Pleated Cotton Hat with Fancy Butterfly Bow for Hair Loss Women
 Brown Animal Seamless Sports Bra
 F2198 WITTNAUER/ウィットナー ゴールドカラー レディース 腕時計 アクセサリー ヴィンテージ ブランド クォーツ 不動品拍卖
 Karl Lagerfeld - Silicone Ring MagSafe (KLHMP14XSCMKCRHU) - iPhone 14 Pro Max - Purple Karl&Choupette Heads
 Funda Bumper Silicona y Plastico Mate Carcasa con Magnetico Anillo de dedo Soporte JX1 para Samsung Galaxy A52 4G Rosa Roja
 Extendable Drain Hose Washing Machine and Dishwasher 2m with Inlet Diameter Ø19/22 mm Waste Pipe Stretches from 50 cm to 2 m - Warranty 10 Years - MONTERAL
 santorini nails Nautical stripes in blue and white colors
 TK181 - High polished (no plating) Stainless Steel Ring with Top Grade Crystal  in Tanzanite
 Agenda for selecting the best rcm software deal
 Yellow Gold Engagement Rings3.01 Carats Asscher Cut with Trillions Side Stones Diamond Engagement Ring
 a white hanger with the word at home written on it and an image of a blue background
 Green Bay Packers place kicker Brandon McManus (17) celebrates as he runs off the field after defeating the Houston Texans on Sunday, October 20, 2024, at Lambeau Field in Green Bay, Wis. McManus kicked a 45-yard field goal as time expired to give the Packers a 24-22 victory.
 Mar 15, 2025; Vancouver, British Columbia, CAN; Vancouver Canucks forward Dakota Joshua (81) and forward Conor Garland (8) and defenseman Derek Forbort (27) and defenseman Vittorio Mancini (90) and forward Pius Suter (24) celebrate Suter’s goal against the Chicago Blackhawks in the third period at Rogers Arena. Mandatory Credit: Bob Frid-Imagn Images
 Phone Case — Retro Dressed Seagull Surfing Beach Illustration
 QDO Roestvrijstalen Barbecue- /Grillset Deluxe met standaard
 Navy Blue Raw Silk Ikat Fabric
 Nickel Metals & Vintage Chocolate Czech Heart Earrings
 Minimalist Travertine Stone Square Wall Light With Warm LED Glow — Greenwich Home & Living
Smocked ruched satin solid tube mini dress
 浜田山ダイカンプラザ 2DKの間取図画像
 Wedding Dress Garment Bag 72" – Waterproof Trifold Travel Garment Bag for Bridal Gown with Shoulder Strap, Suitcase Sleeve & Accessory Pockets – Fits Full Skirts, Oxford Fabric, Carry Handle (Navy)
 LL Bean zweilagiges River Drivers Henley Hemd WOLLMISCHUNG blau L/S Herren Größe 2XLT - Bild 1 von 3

◆ ◆ ◆ ◆ ◆

_Task goal_
Return every line of the material above exactly.

_Answer for the task_
Pleated Cotton Hat with Fancy Butterfly Bow for Hair Loss Women
 Brown Animal Seamless Sports Bra
 F2198 WITTNAUER/ウィットナー ゴールドカラー レディース 腕時計 アクセサリー ヴィンテージ ブランド クォーツ 不動品拍卖
 Karl Lagerfeld - Silicone Ring MagSafe (KLHMP14XSCMKCRHU) - iPhone 14 Pro Max - Purple Karl&Choupette Heads
 Funda Bumper Silicona y Plastico Mate Carcasa con Magnetico Anillo de dedo Soporte JX1 para Samsung Galaxy A52 4G Rosa Roja
 Extendable Drain Hose Washing Machine and Dishwasher 2m with Inlet Diameter Ø19/22 mm Waste Pipe Stretches from 50 cm to 2 m - Warranty 10 Years - MONTERAL
 santorini nails Nautical stripes in blue and white colors
 TK181 - High polished (no plating) Stainless Steel Ring with Top Grade Crystal  in Tanzanite
 Agenda for selecting the best rcm software deal
 Yellow Gold Engagement Rings3.01 Carats Asscher Cut with Trillions Side Stones Diamond Engagement Ring
 a white hanger with the word at home written on it and an image of a blue background
 Green Bay Packers place kicker Brandon McManus (17) celebrates as he runs off the field after defeating the Houston Texans on Sunday, October 20, 2024, at Lambeau Field in Green Bay, Wis. McManus kicked a 45-yard field goal as time expired to give the Packers a 24-22 victory.
 Mar 15, 2025; Vancouver, British Columbia, CAN; Vancouver Canucks forward Dakota Joshua (81) and forward Conor Garland (8) and defenseman Derek Forbort (27) and defenseman Vittorio Mancini (90) and forward Pius Suter (24) celebrate Suter’s goal against the Chicago Blackhawks in the third period at Rogers Arena. Mandatory Credit: Bob Frid-Imagn Images
 Phone Case — Retro Dressed Seagull Surfing Beach Illustration
 QDO Roestvrijstalen Barbecue- /Grillset Deluxe met standaard
 Navy Blue Raw Silk Ikat Fabric
 Nickel Metals & Vintage Chocolate Czech Heart Earrings
 Minimalist Travertine Stone Square Wall Light With Warm LED Glow — Greenwich Home & Living
Smocked ruched satin solid tube mini dress
 浜田山ダイカンプラザ 2DKの間取図画像
 Wedding Dress Garment Bag 72" – Waterproof Trifold Travel Garment Bag for Bridal Gown with Shoulder Strap, Suitcase Sleeve & Accessory Pockets – Fits Full Skirts, Oxford Fabric, Carry Handle (Navy)
 LL Bean zweilagiges River Drivers Henley Hemd WOLLMISCHUNG blau L/S Herren Größe 2XLT - Bild 1 von 3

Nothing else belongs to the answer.